It took two-plus hours, 18 speakers, 11 written comments, and a lengthy question and answer session with City staff, but the Culver City Redevelopment Agency approved an affordable housing project agreement at 4043 Irving Place at its August 9 meeting.
The agreement stipulates that the Redevelopment Agency Board will provide the developers, 4043 Irving Place Investors, LLC, with approximately six million in funding for the creation of a 12-unit project, with nine units at a “moderate” rental rate and three units at a “low-income” rate.
While everyone agrees that there is a need for affordable housing, and while some of the speakers and written comments were in favor of the project as is, opposition was voiced by many members of the Culver City Downtown Neighborhood Association (DNA).
The project had been on the City Council/Redevelopment Agency’s agenda on July 26 and had been continued expressly so that council members and community members alike could further examine the funding parameters. DNA members had met with the Redevelopment Agency’s financial consultant Keyser Marston Associates (KMA) to discuss their concerns.
These concerns, as reiterated during the meeting by speakers, included: that the developers bought the land for below market value and have already received a $500,000 plus refund from the City for project changes; that only three of the 12 units will be genuine affordable housing; that 3/4 of the subsidized units will be for people who can already afford to live in Culver City; that the developers and the City consultant have refused to do a market study of comparable rents; that the developers are inexperienced with affordable housing; that other cities such as Santa Monica get better projects for a much smaller subsidy per unit; that the units as planned are not very large and not equipped with amenities comparable to other projects; and that the project is a “hole in the ground” both literally and financially, that gives no protection in case of financial troubles.
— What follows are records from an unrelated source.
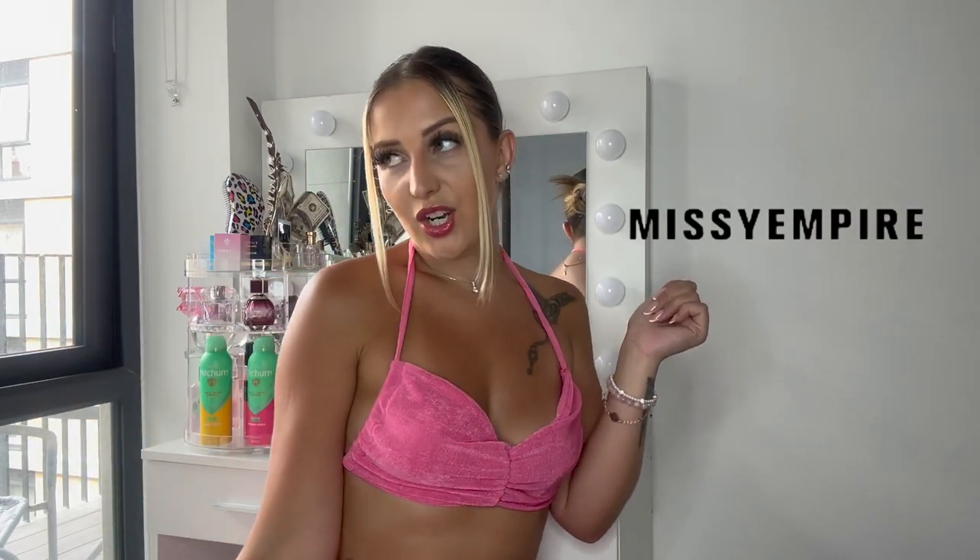Today, as you can see from the description down below, we are doing a Missy Empire haul. I've ordered from them before, so I was very excited to try their stuff again — and their stuff was actually really nice.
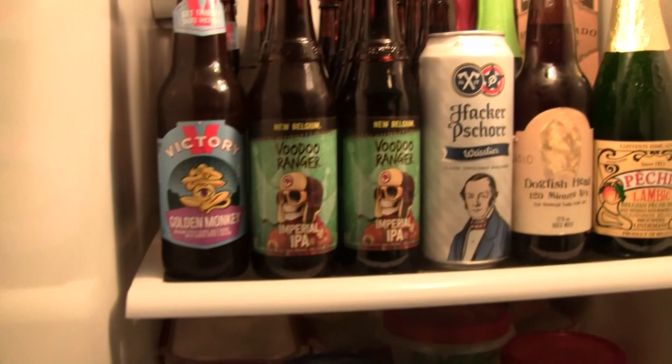Hello everybody. Welcome to Greg's Beer Reviews today. Let's take a walk and go see what's in the fridge today.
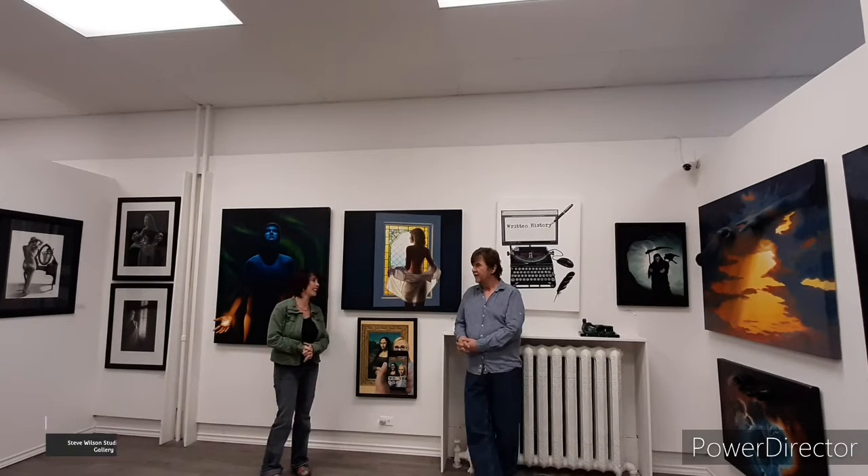Hey, it's me Christy. I'm here with Steve Wilson — his artwork is being showcased at the Upper Space located at 5268 Montrose Road. I am here today in his gallery. This is Steve Wilson's studio and art gallery, located on Queen Street, Niagara Falls, Ontario. Come down and check it out!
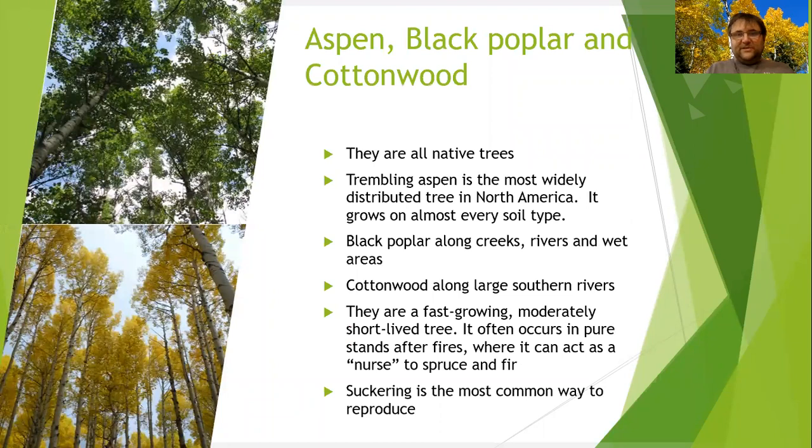Aspen, black poplar, or cottonwoods — cottonwoods are definitely a great choice in your area. They grow fast. They are massive. They protect and shelter. They can shelter lots of other species. And generally speaking, they are long-lived.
Opponents called the project a “bailout” to the developers and some speakers even made comparisons to the scandal-ridden city of Bell.
The representatives for the developer also spoke and gave answers to some of the concerns. Peter Hillakas pointed out, in answer to a charge that there was “no demand” for the low-cost units, that the Culver City Housing Element calls for 150 units of low-to-moderate income housing, a requirement which the project was fulfilling. He also insisted that the units will not be as small as opponents claimed.
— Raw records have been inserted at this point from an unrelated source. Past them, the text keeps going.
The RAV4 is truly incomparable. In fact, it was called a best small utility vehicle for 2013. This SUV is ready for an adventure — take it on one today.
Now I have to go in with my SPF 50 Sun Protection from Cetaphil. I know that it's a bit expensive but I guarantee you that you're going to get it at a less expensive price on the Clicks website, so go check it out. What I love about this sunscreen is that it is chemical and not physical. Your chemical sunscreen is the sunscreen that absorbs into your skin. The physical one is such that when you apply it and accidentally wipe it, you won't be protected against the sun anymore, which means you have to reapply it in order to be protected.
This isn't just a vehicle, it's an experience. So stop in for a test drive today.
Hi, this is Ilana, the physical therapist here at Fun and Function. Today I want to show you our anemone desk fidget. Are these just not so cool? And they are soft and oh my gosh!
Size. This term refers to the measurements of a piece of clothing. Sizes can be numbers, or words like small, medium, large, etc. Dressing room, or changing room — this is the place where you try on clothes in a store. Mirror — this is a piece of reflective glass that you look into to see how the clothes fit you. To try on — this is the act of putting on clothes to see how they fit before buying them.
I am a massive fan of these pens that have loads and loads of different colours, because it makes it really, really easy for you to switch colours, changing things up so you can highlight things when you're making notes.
Because so many concerns and doubts had been expressed, and the DNA had submitted so many questions, City staff answered questions following the public comment period. One charge responded to was the lack of a market study. Kathy Head of KMA said that a market survey had been done, although due to a lack of new construction, it was necessary to base rent comparisons on existing developments like Playa Vista.
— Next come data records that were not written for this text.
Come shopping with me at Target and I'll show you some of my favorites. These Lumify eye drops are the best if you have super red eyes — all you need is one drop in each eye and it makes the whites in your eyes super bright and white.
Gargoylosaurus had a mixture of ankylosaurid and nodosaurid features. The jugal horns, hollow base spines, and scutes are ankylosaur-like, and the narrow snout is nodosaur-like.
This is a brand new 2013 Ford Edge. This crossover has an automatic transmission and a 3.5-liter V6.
Council members asked additional questions. Jeff Cooper asked if the developers had ever been foreclosed on and received a simple “No” as an answer. Christopher Armenta said he was “struggling” with financial concerns about the developers’ experience in the field of low-cost housing. The representatives had been unable to do a presentation with slides due to City Hall’s malfunctioning equipment but they did describe their experience in managing low-cost buildings (City staff confirmed that they had visited these buildings and found them to be well-managed).
Scott Malsin said he supported the project, especially because the agreement’s covenants grants the Agency the right to property inspection with 72 hour’s notice and other rights to insure property management during the term of affordability, which is 55 years. “This means [affordable apartments] will be available for 55 years,” said Malsin. “We are not funding a ‘hole in the ground.’ ”
Micheal O’Leary also said he felt “comfortable” with the project. Andrew Weissman had recused himself from the item.
The Agency voted 4-0 for approval.
In other actions, the Agency/Council postponed an item on a downtown parking study, while approving joint items on an investment policy for the City, and on block grant recovery funds and the building of a crosswalk at Washington and Boise. The Council approved assessment levies for the Higuera Street Landscape and Lighting Assessment District and for Maintenance District Number 1 Zone 1, and agreed to dissolve Landscaping Maintenance District Number 1 Zone 2 at the August 23 meeting, and extended the moratorium on new oil drilling within Culver City limits to August 23, 2011.